Pienso en Duhalde emocionado, y un poquito me emociono. Con tanta nitidez lo imagino, que es casi como si lo viera: estremecido en el sillón mullido de su living banfileño, con Chiche al ladito o muy cerca, viendo por televisión al Papa y dejándose embargar por una impensada ternura. Lo conmueven las palabras del flamante Sumo Pontífice, su llamado a la bondad, su invitación a deponer el odio, la soberbia y la envidia, su pedido de evitar las peleas, su mensaje de reconciliación.

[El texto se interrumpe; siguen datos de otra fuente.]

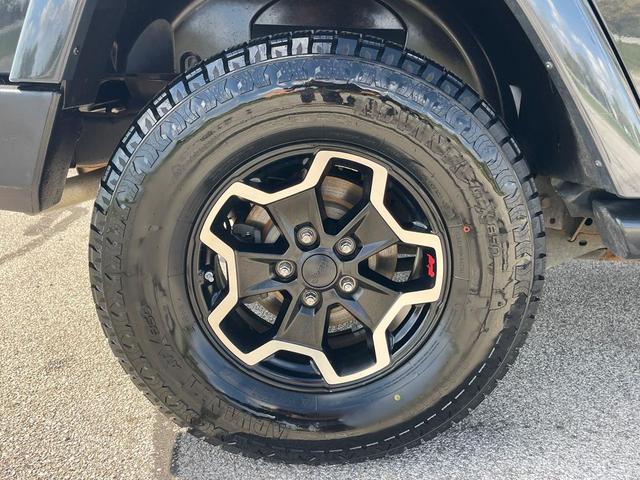 Photo of 2016 Rhino Clearcoat Jeep Wrangler Unlimited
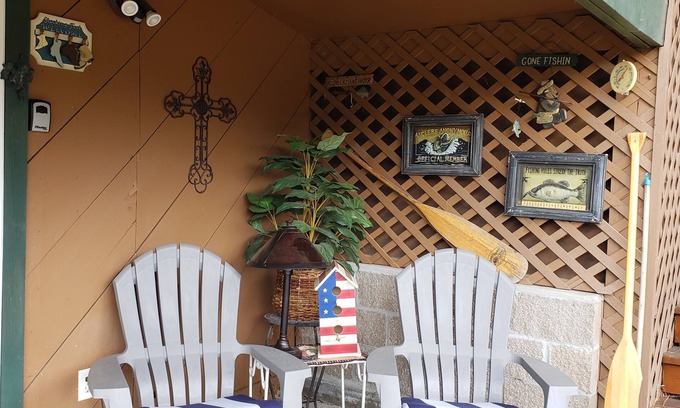 Shady Cove Cottage | Most beautiful views on the Rogue River
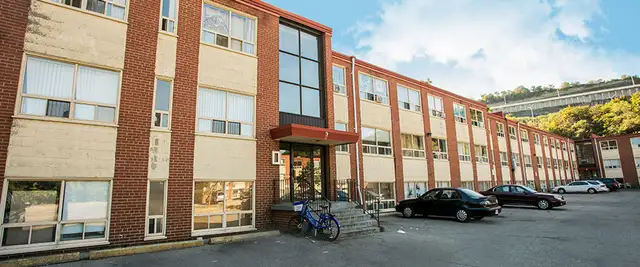 195 Wellington Street South - 1 Bedroom Apartment for Rent62863332329475121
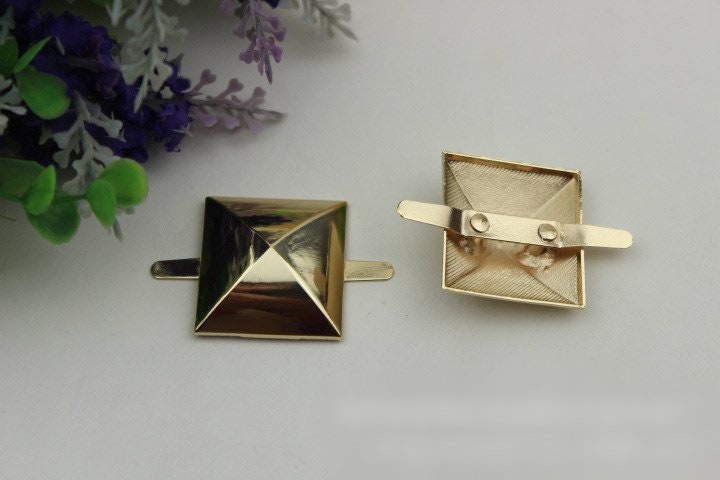 Metal Purse Charm Label Pyramid Square 30mm Gold Hardware Leather Bag Handbag Clutch Backpack Vintage Diy Handmade Decoration Supplies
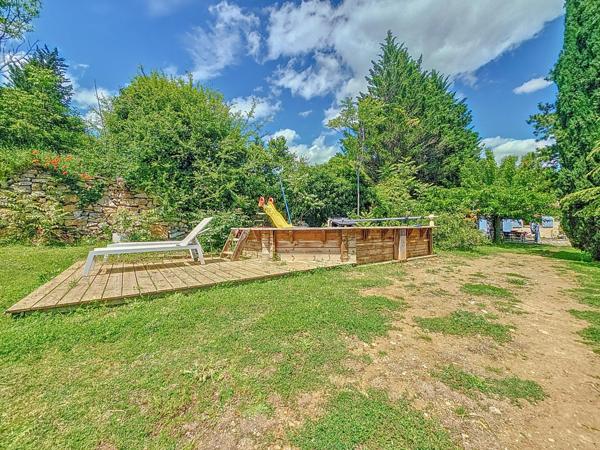 Superbe ensemble immobilier dans un écrin de verdure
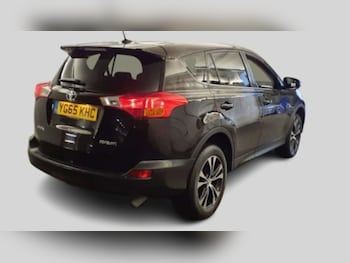 Used Toyota RAV4 2015 for sale - 76477447: Photo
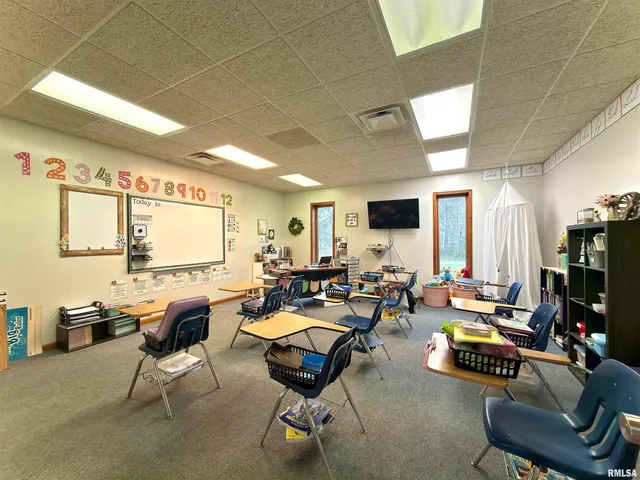 $375,000 | 907 Highway 14, Carmi, IL 62821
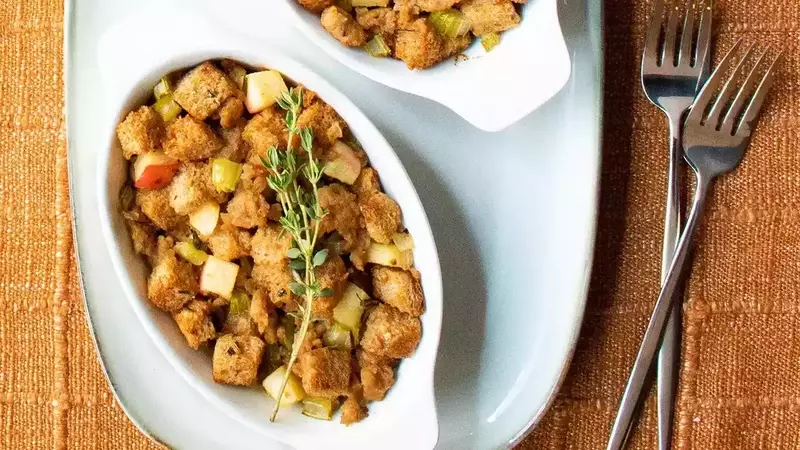 Thanksgiving Feasts for Two: Delicious Dishes for Intimate Celebrations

A Duhalde todo eso lo afecta, lo deja pensativo, lo hace recapacitar.
El mismo lo contó el otro día: “Me sentí tan conmovido que me puse a pensar con quién a lo largo de mi vida había tenido grandes broncas, problemas” (La Nación dice “broncas” y “problemas”, Clarín dice “fuertes peleas”; no sabemos cuál es la verdad). No reveló la longitud de esa lista perniciosa ni detalló tampoco su composición integral, pero sí mencionó su encabezado: “Me acordé de Menem”. Imbuido de ese espíritu de paz, Duhalde fue a visitarlo a su mansión de Belgrano R.
Aquellos viejos compañeros de fórmula, los hacedores de la revolución productiva y el uno a uno, de los indultos a los represores y las privatizaciones a mansalva, se habían enemistado con el tiempo. Pues bien, ahora se reconciliaron. Se reencontraron, se abrazaron y restablecieron la paz. El gesto de Duhalde tiene en verdad un doble valor, porque para Menem transcurren días ciertamente difíciles: acaba de ser condenado por la Sala I de la Cámara Federal de Casación Penal en la causa del contrabando de armas a Croacia y Ecuador.
Es una pena que este espíritu de paz no haya imperado hace tiempo entre los argentinos. Esas armas, combustible de guerra, no habrían sido enviadas jamás, y mucho menos clandestinamente. Y tal vez no se habría producido aquella tan sospechosa explosión en la fábrica de municiones de Río Tercero, Córdoba, que costó siete vidas humanas, una falta de armonía total. Y es una pena que esta tanta ternura no haya tocado algún tiempo antes el corazón de Eduardo Duhalde. Seguramente no habría mandado a reprimir a la Policía de la Provincia de Buenos Aires en aquel oprobioso 26 de junio de 2002, cuando él era presidente y sólo hablaba de mano dura y de poner orden, cuando bajo su responsabilidad el Puente Avellaneda fue un paisaje de sangre y fuego. Maximiliano Kosteki y Darío Santillán estarían vivos: luchando por los humildes, por un mundo más bueno, por un mundo más justo. Un mundo donde reconciliarse y poder vivir en paz.